私は熱心なクリスチャンでは決してありません。でも10年もキリスト教関係の学校に通うと多少でも影響を受けるものですね。聖書の中で一番好き、というか気に入っているのが、マタイによる福音書5章13節からの「あなた方は地の塩である。だが、塩に塩気が無くなればどうして塩味を取り戻せようか。もはや何の役にも立たず、外に投げ捨てられて、人に踏みつけられるだけである。」というイエスが弟子達に話した言葉です。

つまり、イエスは弟子達に「かけがえのない人」になりなさい、と言っているのです。これは私の座右の銘として、いつも私自身、また仕事でも心がけています。塩は人にとって、かけがえのない物の一つである事は事実です。
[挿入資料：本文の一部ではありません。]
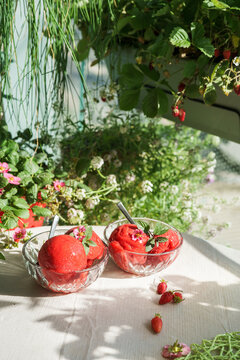Homemade strawberry sorbet served in glass bowls on a sunlit table surrounded by lush herbs and strawberry plants in a balcony garden. Refreshing summer dessert in a natural urban garden setting
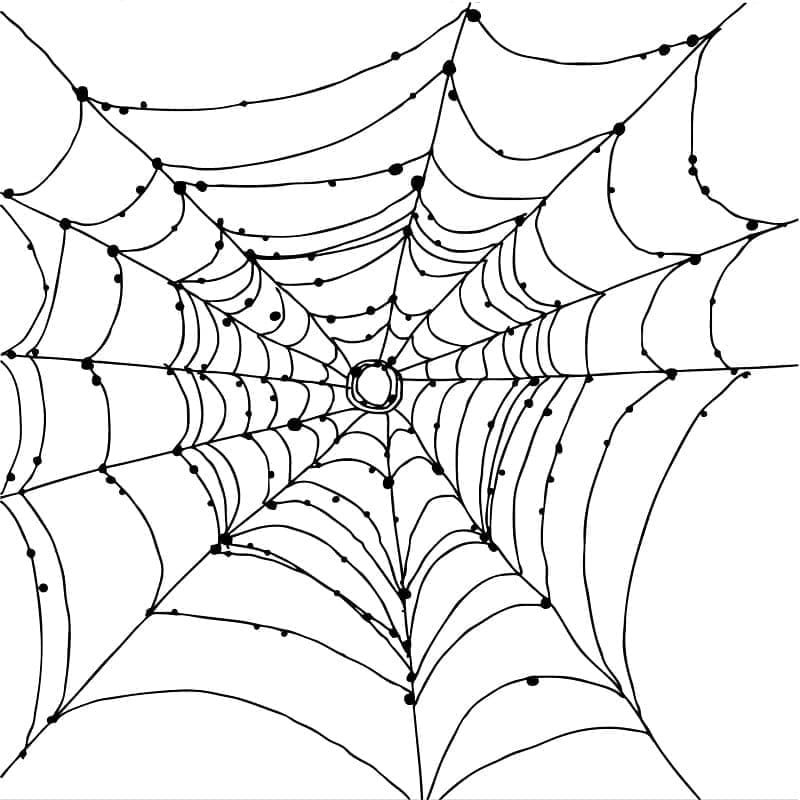 Dibujo gratuito Telaraña #204194 de la coleccion Naturaleza y Estaciones para imprimir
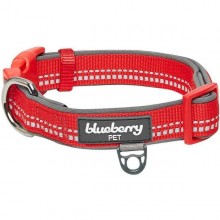 Blueberry Pet 3M Reflective Padded Dog Collar - Medium (Red)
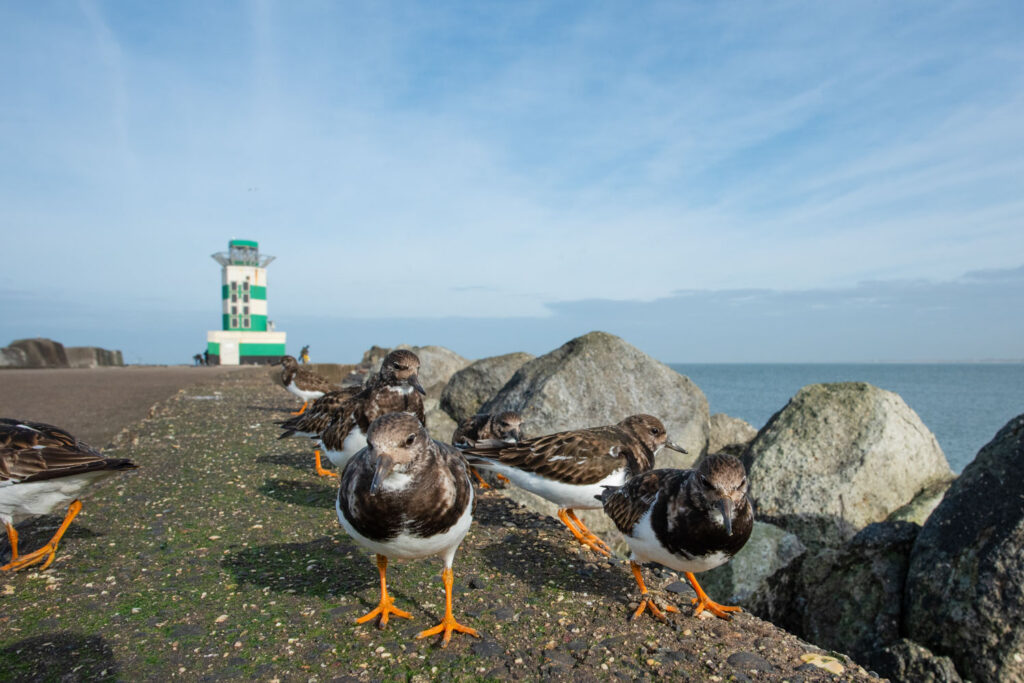 steenlopers in hun biotoop met de vuurtoren bij vogelfotografie op de Zuidpier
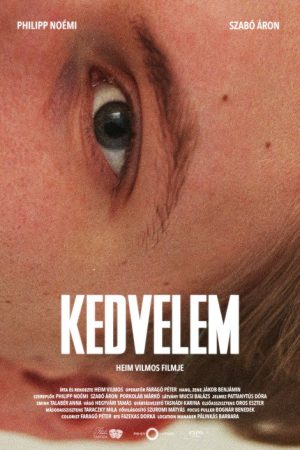Liked it (2022) poster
人は、母親の胎内で一つの卵子が受精し、原生動物、魚類、下等動物、哺乳動物と姿を変えながら誕生しますね。これは「個体発生は系統発生を繰り返す」という生物学の原則どおり、人類が30億年かかって進化してきた道を、わずか10ヶ月で再現しているのです。
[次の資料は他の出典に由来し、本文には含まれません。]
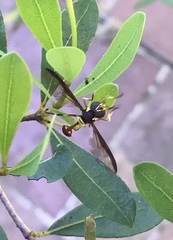 Salpingogaster punctifrons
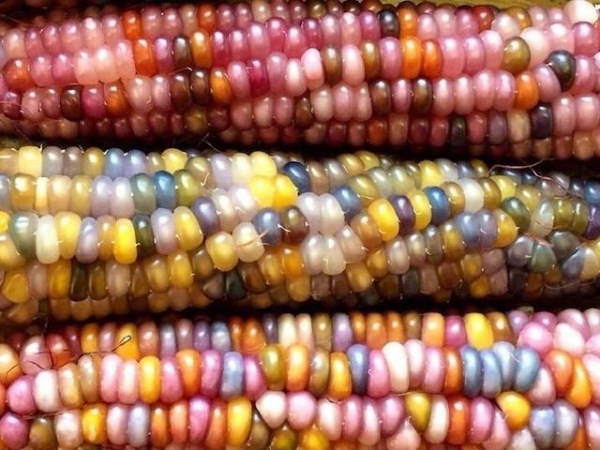 農民種出了像玉石一樣的玉米，卻怎麼也高興不起來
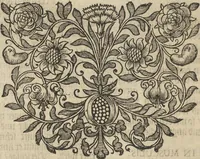 An illustration from Museum Museorum, Oder Vollständige Schau-Bühne Aller Materialien und Specereÿen: Nebst deren Natürlichen Beschreibung/ Election, Nutzen und Gebrauch/ Aus andern Material- Kunst- und Naturalien-Kammern/ Oost- und West-Indischen Reiß-Beschreibungen/ Curiosen Zeit- und Tag-Registern/ Natur- und Artzney-Kündigern/ wie auch selbst-eigenen Erfahrung ... (1704)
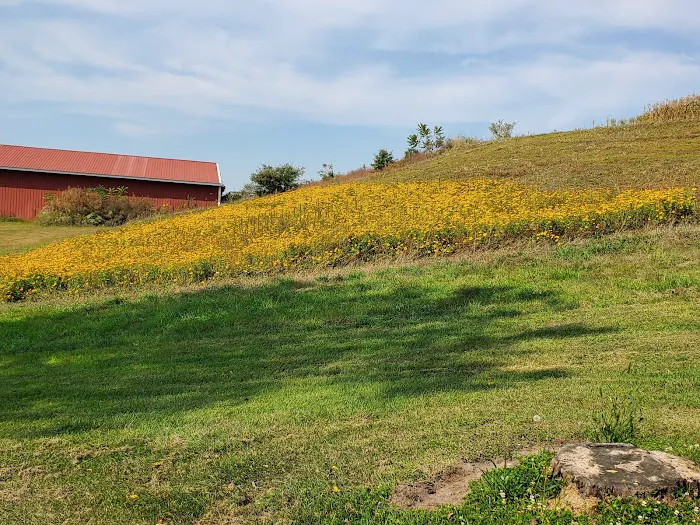 Camping at Deihls Picture 6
その間、胎児が浮かんでいるのが羊水です。この羊水も血液も、海水のミネラルバランスとほぼ同じ比率です。人が塩を必要とするのは、人間の生命維持に海水の持つ様々な元素が必要不可欠であるためです。今私が「塩」と呼んでいるのは、塩化ナトリウムのことでなく、海水由来の自然な塩のことで、塩化ナトリウムはその構成物の一つでしか有りません。
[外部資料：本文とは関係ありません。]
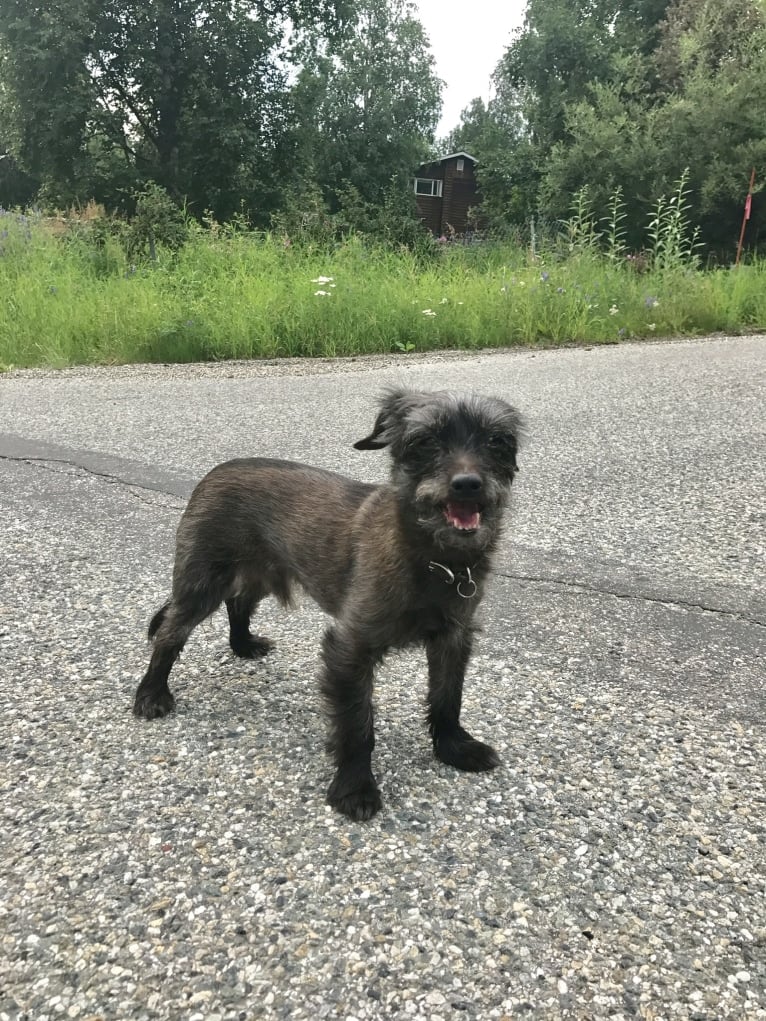 Toto, a Yorkshire Terrier and Dachshund mix tested with EmbarkVet.com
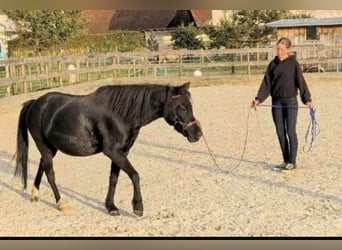 Inne kuce/małe konie, Wałach, 11 lat, 122 cm, Kara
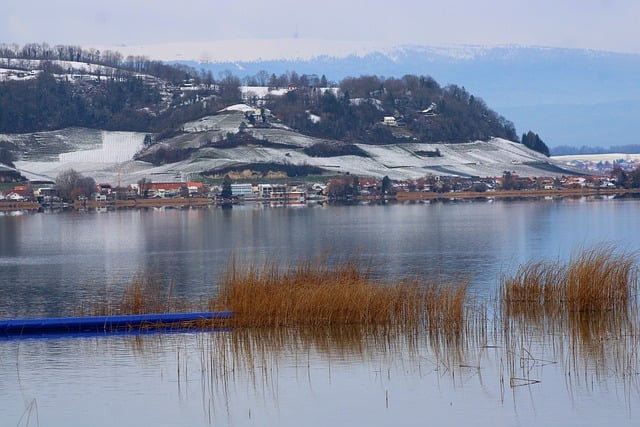 Free download lake murten lake morat switzerland free picture to be edited with GIMP free online image editor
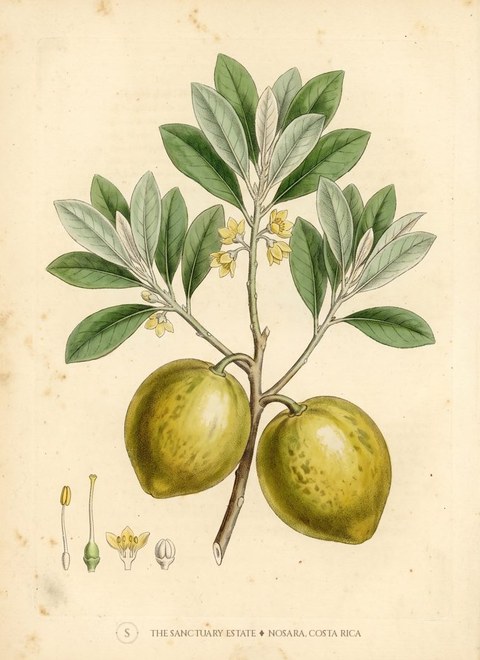 Zapotillo Amarillo botanical plate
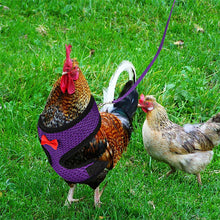 Load image into Gallery viewer, Chicken Mesh Harness Vest With Leash Pets Adjustable Rope Matching Belt Hen Vest Farm Animals Hens Chicken Coop Accessories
1971年「塩業近代化臨時措置法」が施工され、伝統的な塩田はすべて姿を消し、全国に七カ所のイオン交換樹脂幕製塩工場が作られました。

余談ですが、塩は最近まで専売公社で一元的に販売されていました。専売制度の始まりは、ナポレオンがあるパーティーで、一番大きな宝石をつけている婦人の亭主の商売を調べさせたところ、煙草商でした。そこで戦費の捻出のため煙草を専売にしたそうです。

製塩の近代化というのは、海水層の中に陰・陽のイオン交換膜という樹脂を交互に入れ、電流を流してナトリウムと塩素に分化し、濃縮して製塩します。この方法では、ほぼ100パーセントに近い塩化ナトリウムが得られます。この時から日本の「塩」は塩化ナトリウムとなったのです。